- [Stored data]

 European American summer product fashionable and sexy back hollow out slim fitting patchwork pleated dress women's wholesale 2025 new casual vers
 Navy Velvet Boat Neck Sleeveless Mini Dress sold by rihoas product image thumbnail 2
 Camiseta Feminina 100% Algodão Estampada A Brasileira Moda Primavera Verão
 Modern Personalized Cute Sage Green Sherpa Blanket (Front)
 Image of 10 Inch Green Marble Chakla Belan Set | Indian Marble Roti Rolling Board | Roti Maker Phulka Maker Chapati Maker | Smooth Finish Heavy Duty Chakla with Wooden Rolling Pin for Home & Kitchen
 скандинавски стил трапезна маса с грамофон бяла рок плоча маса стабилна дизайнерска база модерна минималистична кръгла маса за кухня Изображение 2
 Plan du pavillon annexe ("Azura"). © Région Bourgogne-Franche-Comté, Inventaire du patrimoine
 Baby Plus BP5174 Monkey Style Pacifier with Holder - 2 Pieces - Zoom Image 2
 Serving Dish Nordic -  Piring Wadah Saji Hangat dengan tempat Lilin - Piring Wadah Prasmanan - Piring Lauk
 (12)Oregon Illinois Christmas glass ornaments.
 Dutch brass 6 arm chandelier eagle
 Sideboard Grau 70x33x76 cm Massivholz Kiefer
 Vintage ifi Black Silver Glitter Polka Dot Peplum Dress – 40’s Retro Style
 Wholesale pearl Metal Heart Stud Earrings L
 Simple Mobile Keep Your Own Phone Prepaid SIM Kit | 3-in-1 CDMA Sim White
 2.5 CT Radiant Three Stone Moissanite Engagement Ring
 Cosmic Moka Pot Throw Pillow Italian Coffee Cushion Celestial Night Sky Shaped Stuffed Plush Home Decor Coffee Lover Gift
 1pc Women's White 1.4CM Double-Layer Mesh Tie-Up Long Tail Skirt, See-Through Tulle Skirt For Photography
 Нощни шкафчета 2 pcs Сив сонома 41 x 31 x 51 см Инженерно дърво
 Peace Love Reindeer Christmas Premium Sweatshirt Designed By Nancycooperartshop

- [INSTRUCTIONS TO FOLLOW] Restate word for word each line of the data from the one with "Sideboard Grau 70x33x76 cm Massivholz Kiefer" to the last, keeping both ends.

- [SOLUTION TO THIS EXERCISE]
 Sideboard Grau 70x33x76 cm Massivholz Kiefer
 Vintage ifi Black Silver Glitter Polka Dot Peplum Dress – 40’s Retro Style
 Wholesale pearl Metal Heart Stud Earrings L
 Simple Mobile Keep Your Own Phone Prepaid SIM Kit | 3-in-1 CDMA Sim White
 2.5 CT Radiant Three Stone Moissanite Engagement Ring
 Cosmic Moka Pot Throw Pillow Italian Coffee Cushion Celestial Night Sky Shaped Stuffed Plush Home Decor Coffee Lover Gift
 1pc Women's White 1.4CM Double-Layer Mesh Tie-Up Long Tail Skirt, See-Through Tulle Skirt For Photography
 Нощни шкафчета 2 pcs Сив сонома 41 x 31 x 51 см Инженерно дърво
 Peace Love Reindeer Christmas Premium Sweatshirt Designed By Nancycooperartshop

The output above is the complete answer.